• _THE TASK_
Please set down only the lines running from the one with "Marathon GT3001 Close" through the last line of the entries, exactly as written and without any pictures.

• _RECORDS PROVIDED_
————

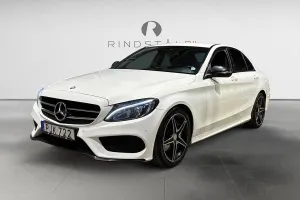 Mercedes-Benz C 2017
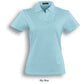 Bocini Ladies Cotton Spandex Polo-(CP0436)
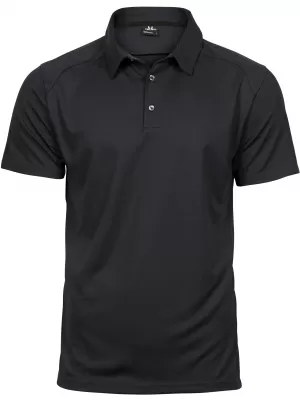 Muška majica kratkih rukava TEE JAYS | TJ 7200 CRNA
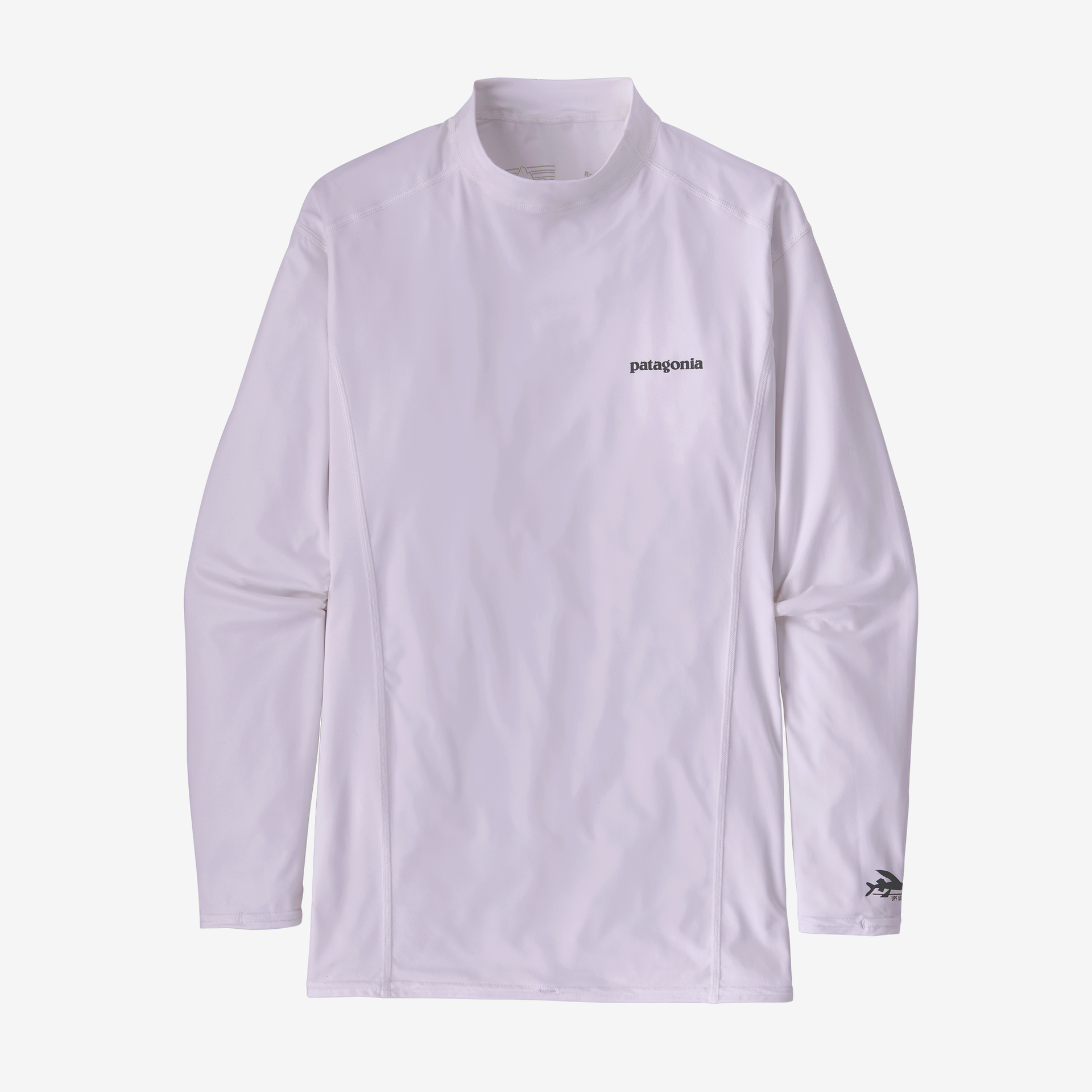 Men's Long Sleeve Rash Guard UV Protection Shirt - Quick Dry Surfing Top for Swimming, Beach & Outdoor Activities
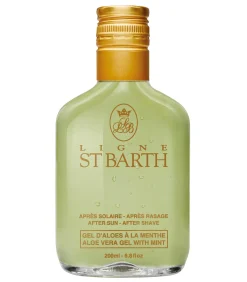 Ligne St Barth Gel d'Aloe Vera et Menthe 200 ml*Femme Soins Visage & Corps|Soins Cheveux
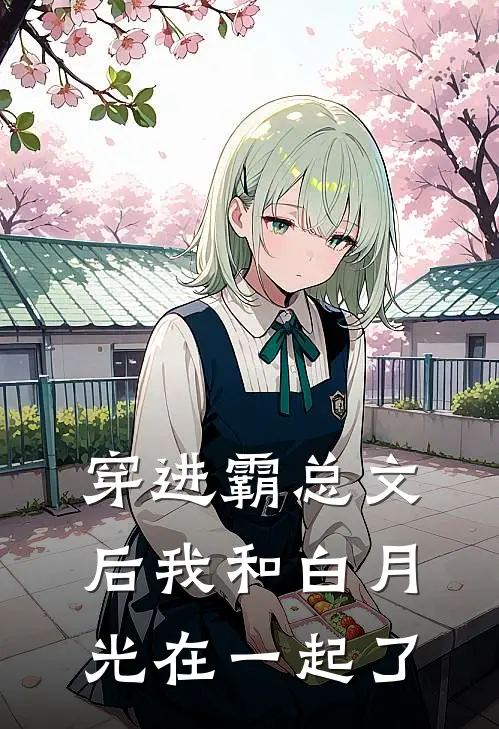 穿进霸总文后我和白月光在一起了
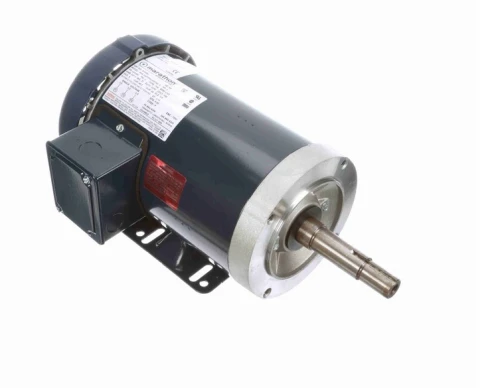 Marathon GT3001 Close Coupled Pump Motor 1 HP 200V 3-Phase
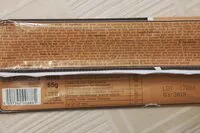 Mängden socker i Bâtonnet glace fresco chocolat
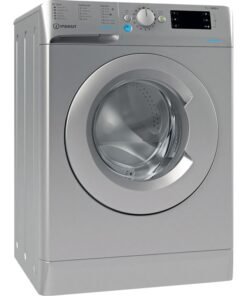 Indesit Innex BWE 71452 S UK N Washing Machine - Silver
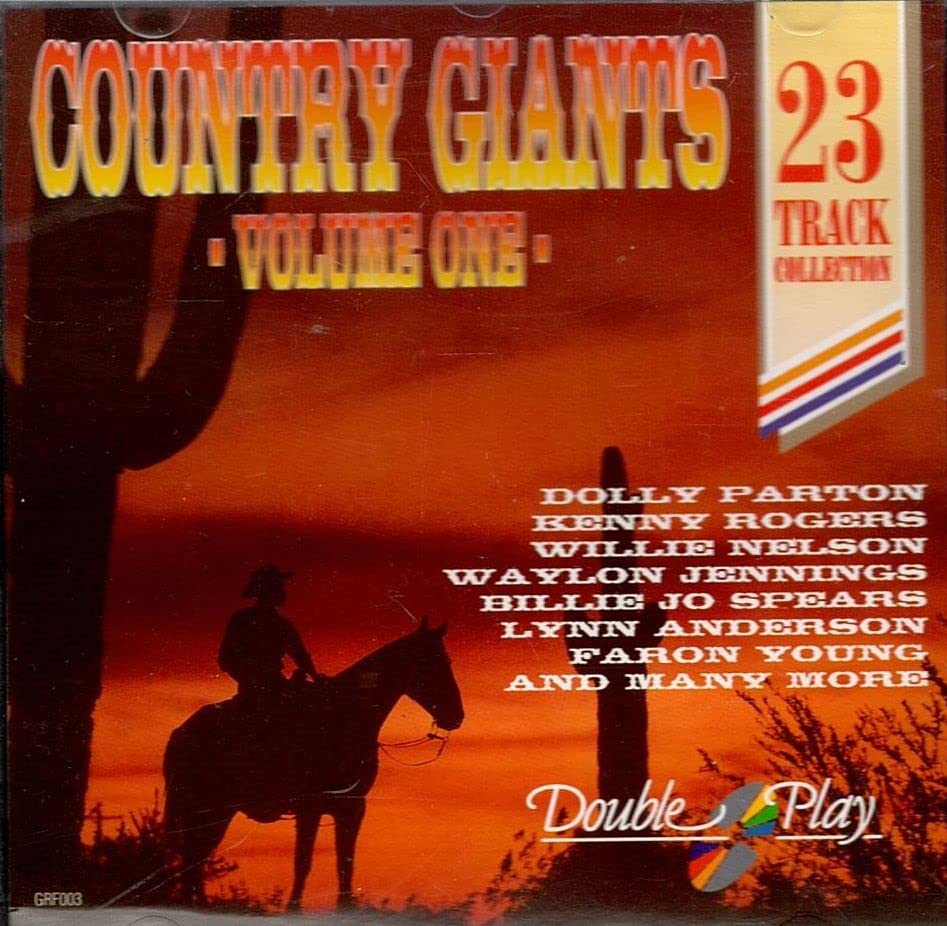 Product Image: Country Giants Vol. 1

————

• _EXERCISE ANSWER_
 Marathon GT3001 Close Coupled Pump Motor 1 HP 200V 3-Phase
 Mängden socker i Bâtonnet glace fresco chocolat
 Indesit Innex BWE 71452 S UK N Washing Machine - Silver
 Product Image: Country Giants Vol. 1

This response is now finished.